If a flare plot is available for the simulation being displayed at the viewer, the option to obtain it will be available at the analysis section. Flare Plots are a tool for the study and representation of intra-protein interactions developed at the Stanford University by Dr. Fonseca and Dr Venkatakishnan. This approach makes it possible to obtain a highly visual depiction of complex data, such as the set of interactions formed between protein residues throughout MD simulations, in the form of circular interactive networks named Flare plots. Applied to the study of GPCRs, Flare plots are capable to generate networks which group protein residues according to the helix in which they belong and differentiate interactions between residues of the same helix from inter-helix interactions. For the moment, flare plots are available for the representation of hydrogen bonds formed between residues of the GPCR through a given simulation trajectory. Hydrogen bonds interactions are represented as lines connecting residue pairs.

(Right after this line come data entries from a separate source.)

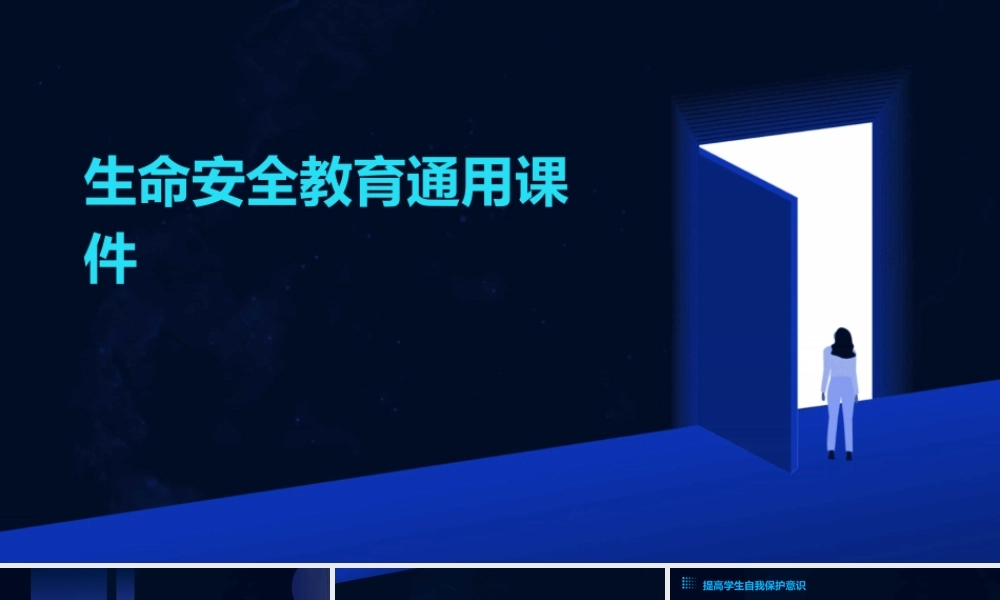 生命安全教育通用课件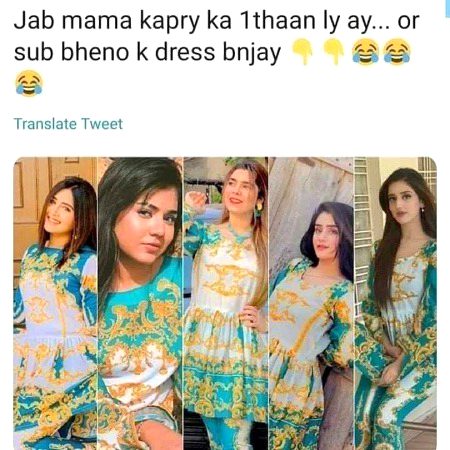 Memes & Satire image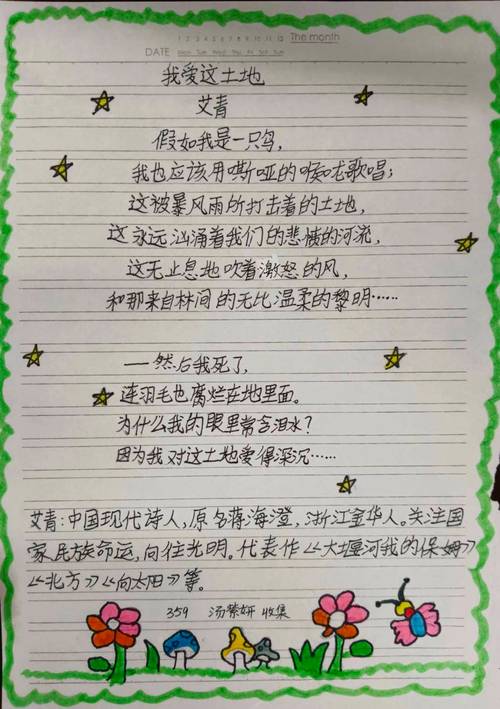 现代儿童诗歌长篇-图2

Once the flare plot page is accessed, there are a series of control options available:

  • It is possible to summarize the interactions formed through all the trajectory frames. The frequency of each interaction is represented by the thickness of the lines connecting residues.

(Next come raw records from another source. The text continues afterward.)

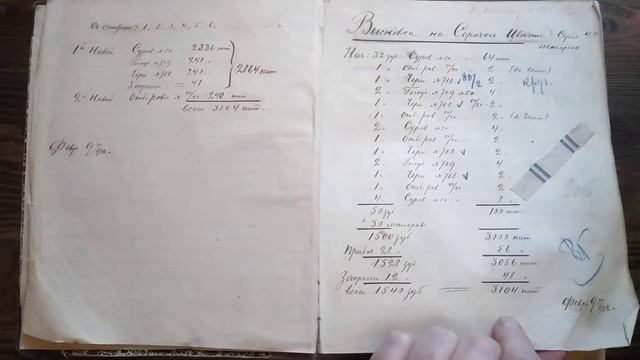 Антикварный журнал мастера образцов тканей 1912 года. смотреть онлайн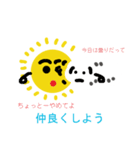 お日様と雲劇場（個別スタンプ：22）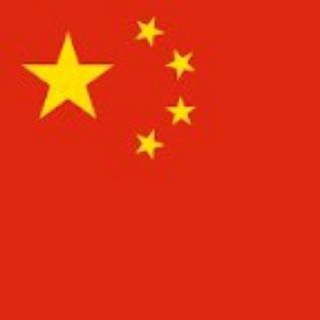Логотип @exportchina1 - Бизнес с Китаем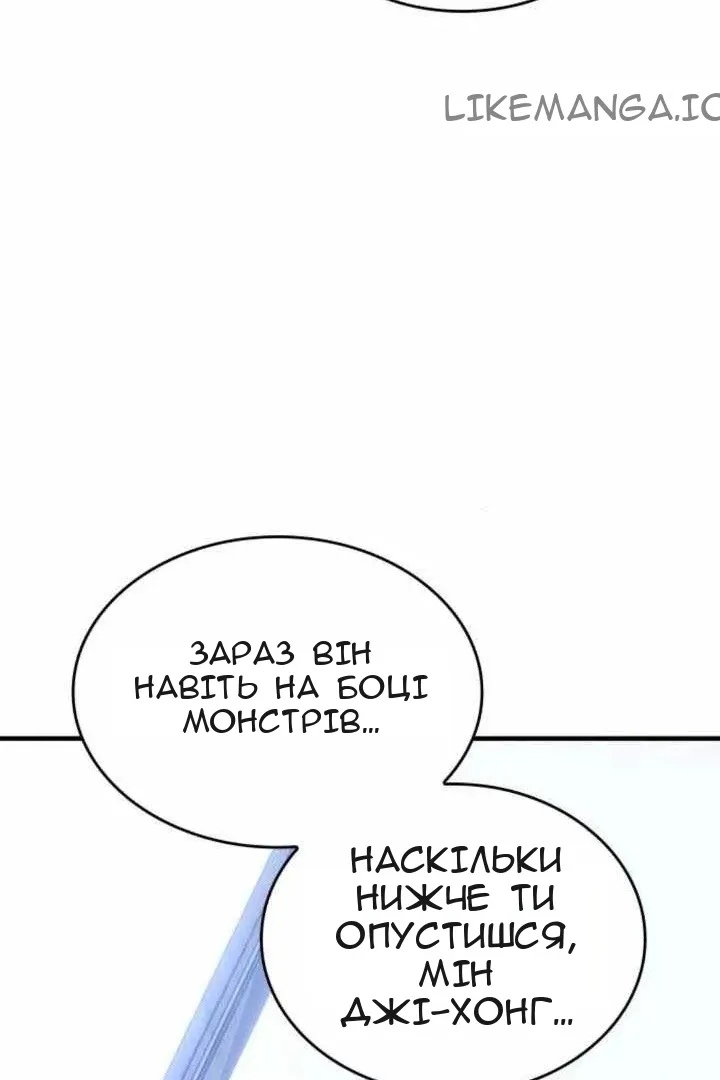 Сторінка 75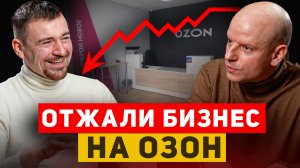 Бизнес партнёры, дружба, полный провал: как НЕ НАДО РАБОТАТЬ НА МАРКЕТПЛЕЙСАХ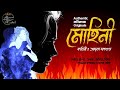 Mohini | Adrita Dasgupta | 18+ Adult Bengali Horror Story | Authentic Kolikata | Sunday Suspense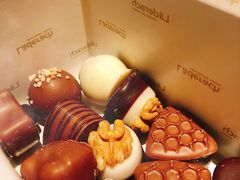 -Laderach 莱德拉(上海环贸iapm店)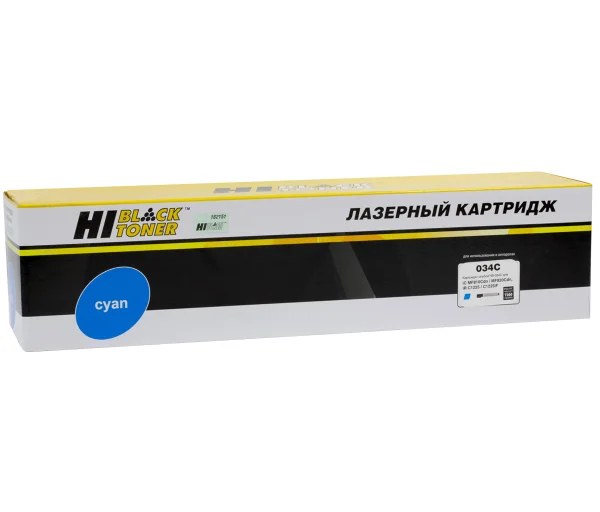 Упаковка тонер-картриджа Hi-Black HB-034 C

  • The Track HB freq. button indicates the frequency in which each residue takes part in an interaction. Such frequency is indicated by the height of a coloured box adjacent to each residue.

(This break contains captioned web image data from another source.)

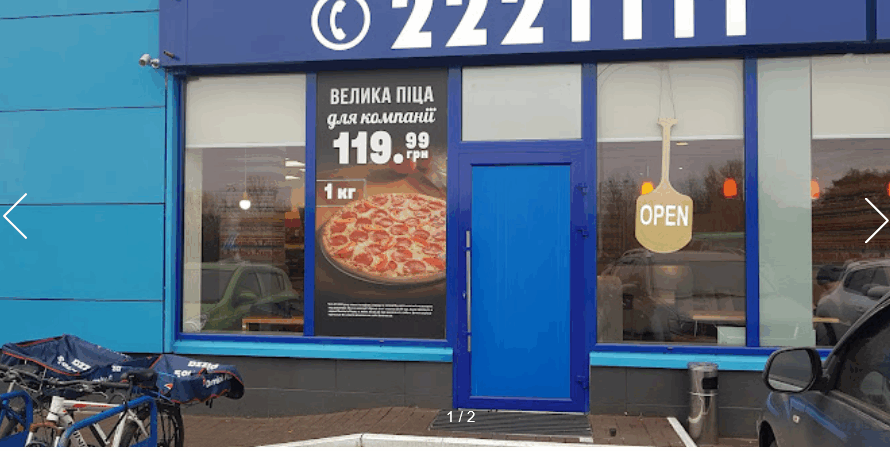 Domino’s Pizza Оноре де Бальзака 2а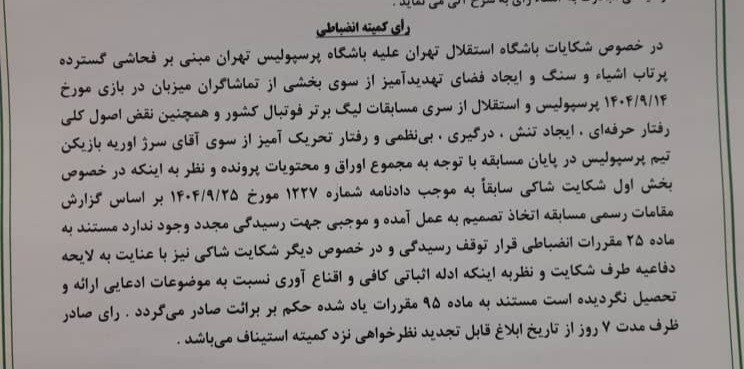 استقلال , تیم فوتبال پرسپولیس , 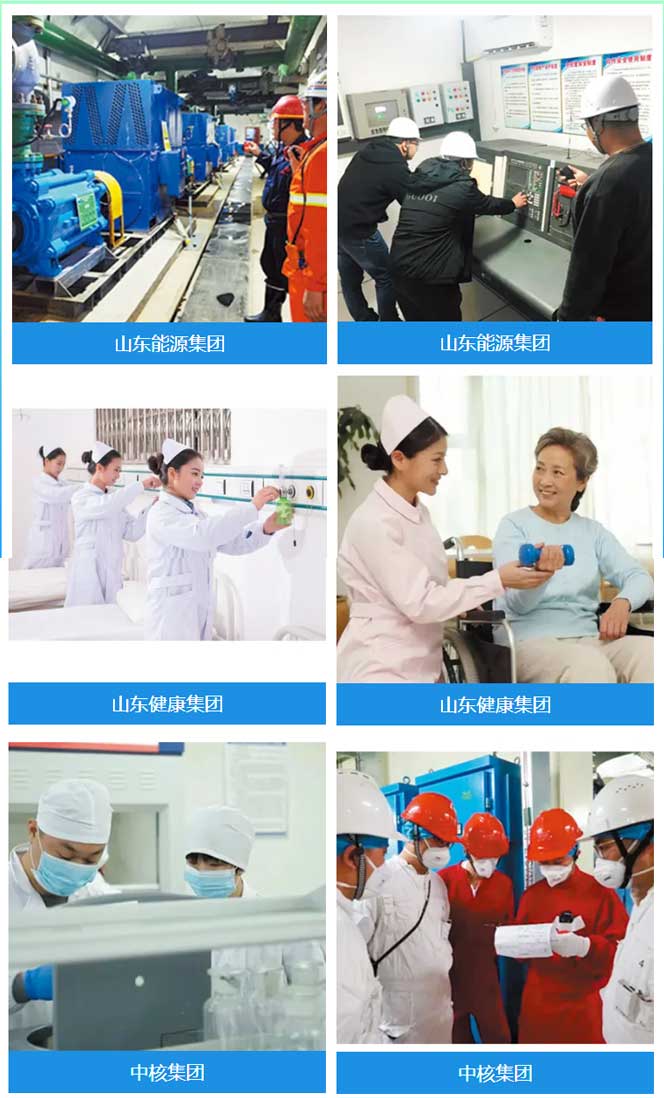 就業單位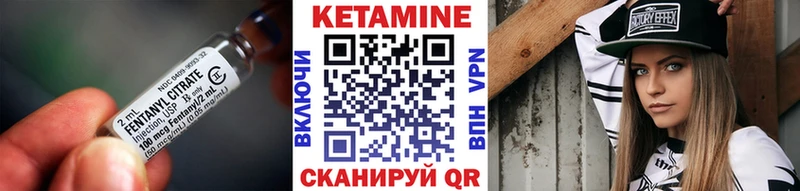 КЕТАМИН VHQ  Купить закладки  Могоча 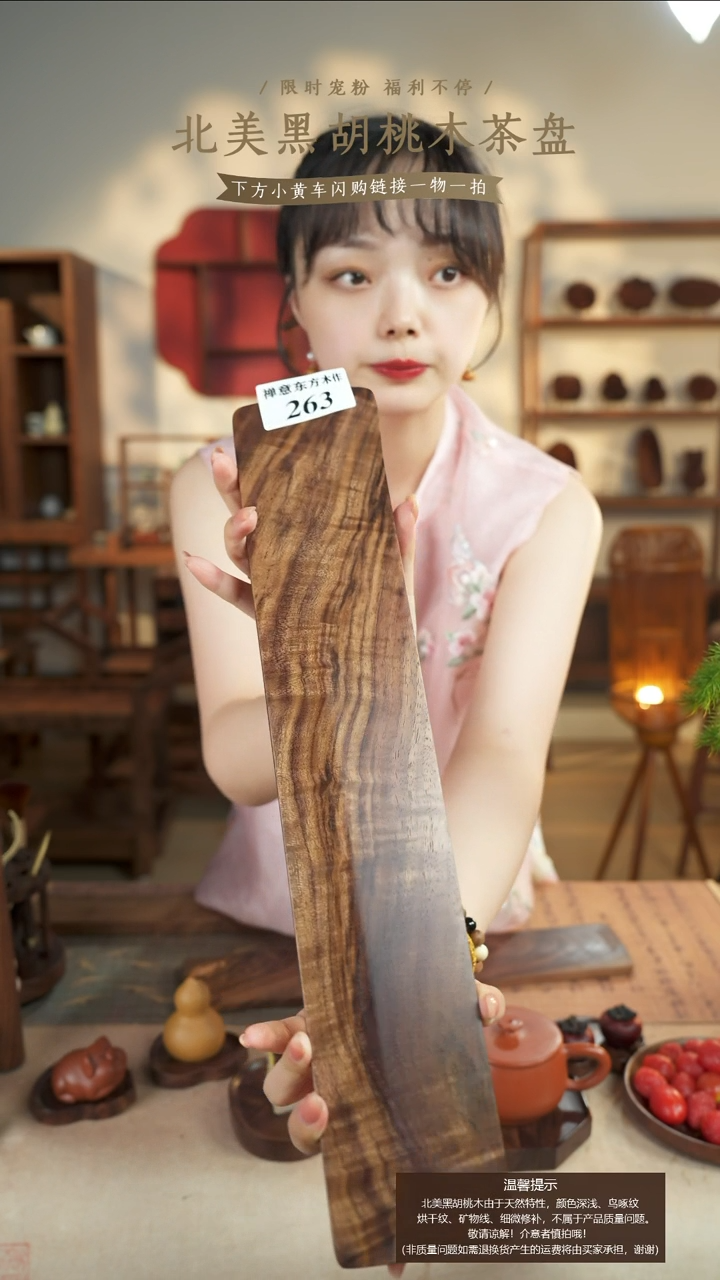 北美黑胡桃木茶盘263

  • The Sort within helix button sorts the residues belonging to the same helix according to the frequency in which they take part in an interaction. Note that the "Track HB freq." option needs to be activated.

Hover or click a residue to highligh the lines representing the interactions in which it participates. Clicked interactions will appear at the GPCR representation displayed at the left of the flare plot.